“Describe to me what an orgasm feels like”…. I sat there thinking, what kind of question is that. Especially for where I was at the time. It was July fourth at 9:00 pm in Rowlett Texas. GoRuck was the event I was at and it was a challenge.Promising 10-12+ hours and 15+ miles of good livin’. At any point if our Ruck sacks were to touch the ground there would be consequences.
I laughed at my self-thinking how do you really describe an orgasm. At the same time our cadre made a great point, there was no real way to describe it… just something you needed to experience. Our cadre proceeded to brief us on how the GoRuck challenge was just like an orgasm; it was something that just needed to be experienced. Even told us that it would be “Our orgasm”. He was right! Since it was the fourth of July we would get to have a special event.
First thing we were told to do was take off our shoes and socks and drape them around our necks. At the beginning of our event we started off with everyone holding their rucksacks (a ruck filled with 4-6 bricks) over their heads while we switched off reading the constitution (from a very tiny book in the dark).
Every time someone touched their ruck to their head “STOP” was yelled at us and who ever was reading was required to stop. It took a solid 30 minutes of this exercise till it was about half way done. It was a difficult task but at the same time it was such an incredible experience.

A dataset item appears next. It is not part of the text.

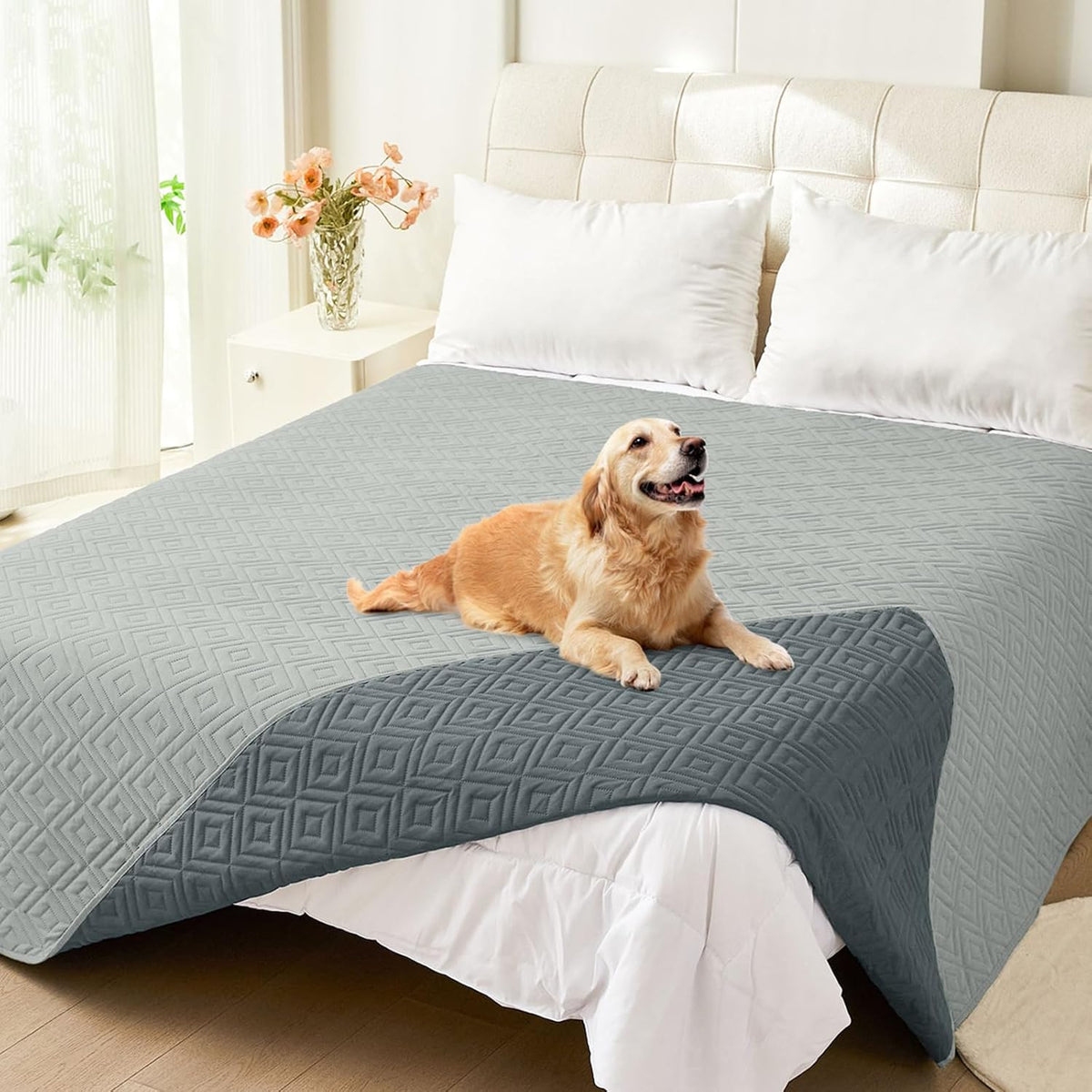 Waterproof Reversible Dog Blanket, Pet Blanket for Sofa Couch | Waterproof Protection, Soft Fabric, Reversible Design, Washable, Sofa Protection from Pet Hair & Messes (30x70 Inch)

I felt so American standing around such an awesome group of people who had American flag shorts on, the American flag waving in the wind, us reading from the constitution while working out, and the spectacular experience of having fire works bursting in the back ground. A very surreal and ‘Merican way to celebrate the fourth of July.

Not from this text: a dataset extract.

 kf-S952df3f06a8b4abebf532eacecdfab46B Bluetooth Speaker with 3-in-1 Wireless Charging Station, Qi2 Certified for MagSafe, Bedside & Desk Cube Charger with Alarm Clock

Soon after we laid on the ground and did leg lift like exercises in 4 counts, a quick and easy way to get those abs working. Once we had gotten that far into it we picked up our team weight (25 lbs), our 4 canisters of water (not sure how big they were but weighted around the same as the team weight), and what someone thought would be hilarious to bring… a metal boat.
Being barefoot was something I’d never done at any race, not to mention on endurance event so it was an interesting and creative way to get us out of our comfort zone. It did very quickly. After 3 miles of trudging on concrete with our bare feet we made it to Firehouse 4.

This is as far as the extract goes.